Blackhat serait ennuyeux.
Blackhat serait idiot.
Blackhat serait vide.
Blackhat serait laid.
Pour un peu, on accuserait Michael Mann de la crise mondiale, de la montée des prix du pétrole (ou de l'étain), de l'élection d'un président noir, et j'en passe.
Mais, mesdames et messieurs mes petits jurés chéris que j'adore tout plein, tout ceci relève du délire le plus absolu ! je m'inscrit en faux avec la plus grande véhémence contre ce tas de billevesées, fariboles et autres coquecigrues (celui-là, j'ai dû le chercher dans un dictionnaire, mais il fait classe, hein ?) !
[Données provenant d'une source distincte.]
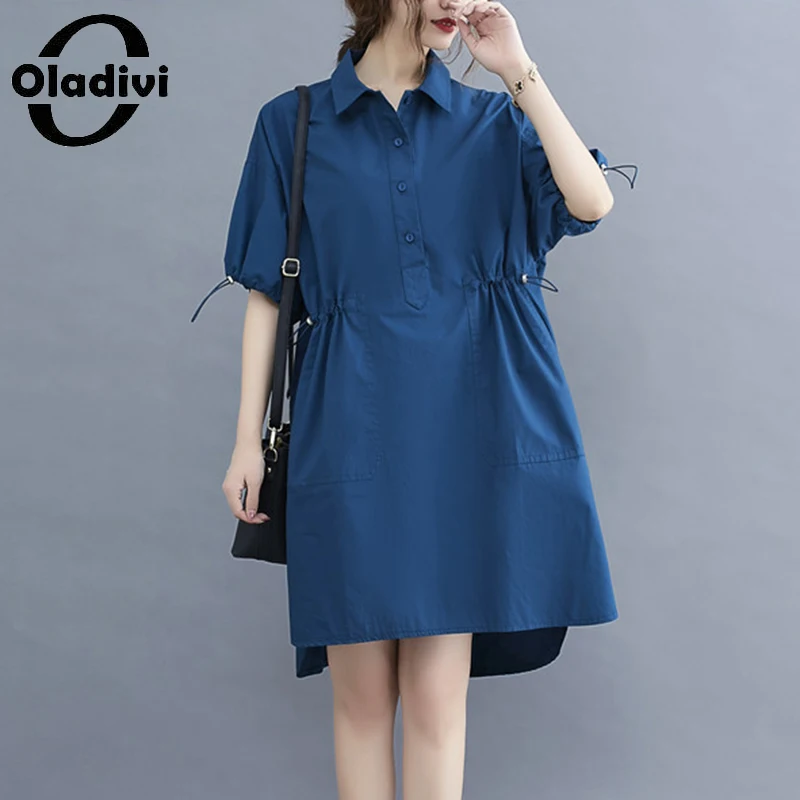 

Oladivi Oversized Women Clothing Casual Loose Slim Waist Blosues Solid Color Short Sleeve Shirts Spring Summer New Blusas 2989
Ces atteintes honteuses à la réputation de mon client sont la preuve d'un aveuglement massif de la part d'une grande partie de la critique face à celui qui est un des meilleurs cinéastes étatsuniens actuels, et je m'en vais vous le prouver, et pas par quatre chemins, siouplait m'sieurs-dames !
Certes, je veux bien vous concéder que Blackhat contient des facilités de scénario et des ficelles de la taille de l'amarre du Queen Mary, mais c'est parfaitement excusable vu le résultat final.
D'abord, je lis que le film est lent, ennuyeux, qu'il ne s'y passe rien.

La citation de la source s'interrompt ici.